Published online by Cambridge University Press: 05 March 2016
Imagine the following scenario. A person sits behind a computer to view two brief movie reels, each one lasting only 16 seconds and presented on a purely random basis. Frame by frame, this individual sees nothing more on the screen than another person's face as it evolves from happiness, to an ambiguous expression, and then to anger. The individual watching these reels is simply instructed to press the space bar the moment he or she senses a shift in the facial expression of the person on the screen, from pleasant-looking to outright menacing. How long do you think it will take someone to detect anger in the face of another?
The answer is that it will depend on that person's level of implicit attitude. More precisely, it will depend on their implicit attitude toward African Americans. For the one difference between the two reels just described is the race of the person that is showcased in each one. In one film, the person is conspicuously African American; in the other, the person is identifiably white.
In fact, when two social psychologists conducted a set of experiments along these lines (Hugenberg and Bodenhausen 2003), they discovered that individual differences in implicit attitude toward blacks (as measured by the Implicit Association Test [IAT]) explained the alacrity with which participants sensed anger in the African American person's face, but not the white person's expression. Specifically, individuals with more negative implicit attitudes toward blacks were about 2.5 seconds faster at detecting a menacing facial expression, even if the face was objectively ambiguous – neither happy nor angry in clearly visible terms. In a manner reminiscent of Mark Lyttle's mistaken deportation to Mexico (Chapter 1), implicit attitude led some individuals to see something that was not really there, without their knowing that it had.

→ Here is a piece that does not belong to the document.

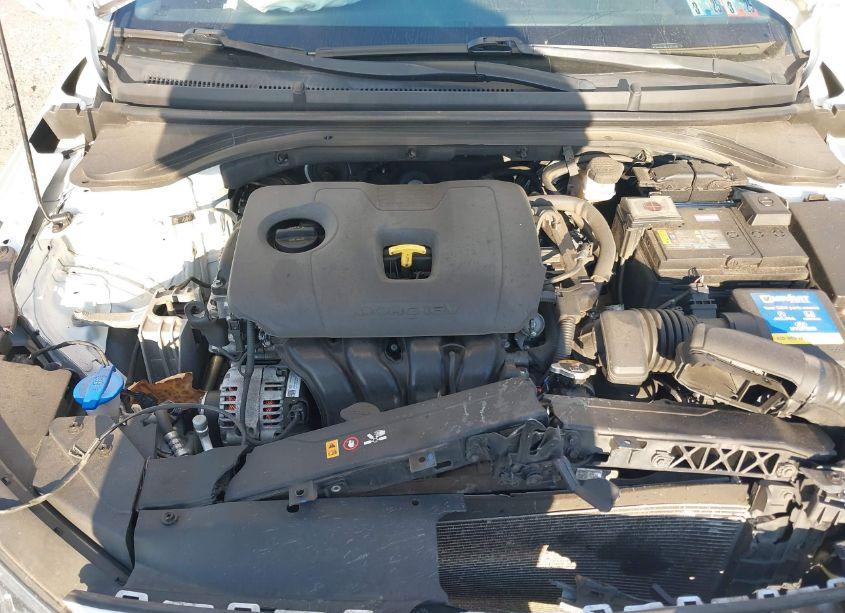 Photo 10 of 2020 Hyundai Elantra VALUE EDITION (VIN 5NPD84LF6LH612311)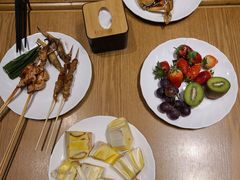 -禾斗海鲜自助(城阳宝龙店)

This is, of course, only one report from one research team. Yet dispatches from other studies conducted by other social psychologists suggest similar patterns (e.g., Fazio and Dunton 1997; Gawronski et al. 2003). The cumulative lesson from these laboratory investigations seems to be this: implicit attitude can color how individuals interpret the world around them, and it can do so without people being fully aware of this influence.